Your task
Of the entries below, copy only those lines that contain the word "vaulted".

Entries provided
---

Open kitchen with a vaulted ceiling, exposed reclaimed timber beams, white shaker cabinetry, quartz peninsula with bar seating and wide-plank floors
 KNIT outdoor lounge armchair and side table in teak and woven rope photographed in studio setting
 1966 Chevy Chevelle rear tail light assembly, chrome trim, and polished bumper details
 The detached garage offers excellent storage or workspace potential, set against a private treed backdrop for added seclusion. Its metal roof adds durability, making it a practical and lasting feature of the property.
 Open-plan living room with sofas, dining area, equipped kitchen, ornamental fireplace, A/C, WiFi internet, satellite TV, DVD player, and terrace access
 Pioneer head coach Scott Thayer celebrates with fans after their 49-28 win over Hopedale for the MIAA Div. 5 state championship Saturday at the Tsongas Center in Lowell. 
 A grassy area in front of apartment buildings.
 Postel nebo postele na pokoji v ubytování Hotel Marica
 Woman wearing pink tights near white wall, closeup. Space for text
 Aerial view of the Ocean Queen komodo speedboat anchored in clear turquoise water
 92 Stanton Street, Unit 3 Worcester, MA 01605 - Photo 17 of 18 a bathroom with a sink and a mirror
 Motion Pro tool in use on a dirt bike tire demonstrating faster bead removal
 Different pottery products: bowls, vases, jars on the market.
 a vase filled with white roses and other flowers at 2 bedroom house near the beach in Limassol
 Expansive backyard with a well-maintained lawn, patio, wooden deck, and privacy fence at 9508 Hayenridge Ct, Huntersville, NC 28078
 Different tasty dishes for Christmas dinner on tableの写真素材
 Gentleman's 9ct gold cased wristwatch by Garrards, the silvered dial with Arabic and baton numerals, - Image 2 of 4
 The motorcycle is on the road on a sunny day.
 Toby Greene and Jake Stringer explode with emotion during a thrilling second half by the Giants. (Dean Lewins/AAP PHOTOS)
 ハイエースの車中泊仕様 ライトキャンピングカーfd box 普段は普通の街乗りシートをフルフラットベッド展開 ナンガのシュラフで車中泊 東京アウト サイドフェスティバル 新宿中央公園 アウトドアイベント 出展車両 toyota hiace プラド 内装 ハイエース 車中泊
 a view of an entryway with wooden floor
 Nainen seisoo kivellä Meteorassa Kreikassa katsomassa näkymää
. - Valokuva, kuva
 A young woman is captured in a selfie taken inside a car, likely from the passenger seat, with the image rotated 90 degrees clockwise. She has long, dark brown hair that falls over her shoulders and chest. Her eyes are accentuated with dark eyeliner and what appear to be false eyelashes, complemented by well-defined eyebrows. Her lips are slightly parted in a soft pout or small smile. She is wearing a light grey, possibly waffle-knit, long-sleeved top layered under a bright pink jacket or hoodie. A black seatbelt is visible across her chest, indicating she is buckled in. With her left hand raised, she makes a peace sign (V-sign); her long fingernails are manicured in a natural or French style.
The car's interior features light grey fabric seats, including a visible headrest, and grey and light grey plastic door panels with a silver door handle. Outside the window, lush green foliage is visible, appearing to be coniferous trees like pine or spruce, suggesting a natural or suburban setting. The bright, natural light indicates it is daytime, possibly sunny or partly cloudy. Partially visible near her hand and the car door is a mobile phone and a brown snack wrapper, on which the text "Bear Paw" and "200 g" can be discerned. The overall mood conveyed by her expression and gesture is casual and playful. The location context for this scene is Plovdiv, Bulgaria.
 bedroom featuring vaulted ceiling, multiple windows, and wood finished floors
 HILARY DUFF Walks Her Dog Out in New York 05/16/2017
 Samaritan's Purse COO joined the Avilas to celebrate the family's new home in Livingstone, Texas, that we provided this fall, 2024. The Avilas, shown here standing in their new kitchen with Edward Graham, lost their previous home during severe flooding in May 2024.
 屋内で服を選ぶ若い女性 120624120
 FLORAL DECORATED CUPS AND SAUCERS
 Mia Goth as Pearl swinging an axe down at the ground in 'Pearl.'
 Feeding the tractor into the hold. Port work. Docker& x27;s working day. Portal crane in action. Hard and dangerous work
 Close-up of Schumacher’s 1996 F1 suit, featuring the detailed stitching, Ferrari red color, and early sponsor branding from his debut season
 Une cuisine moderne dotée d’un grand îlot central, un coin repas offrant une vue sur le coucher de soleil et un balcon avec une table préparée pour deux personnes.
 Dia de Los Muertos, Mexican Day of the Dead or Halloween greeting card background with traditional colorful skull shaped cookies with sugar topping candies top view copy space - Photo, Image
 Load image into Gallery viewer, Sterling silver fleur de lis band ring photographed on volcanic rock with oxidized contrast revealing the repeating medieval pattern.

---

Result for this exercise
Open kitchen with a vaulted ceiling, exposed reclaimed timber beams, white shaker cabinetry, quartz peninsula with bar seating and wide-plank floors
 bedroom featuring vaulted ceiling, multiple windows, and wood finished floors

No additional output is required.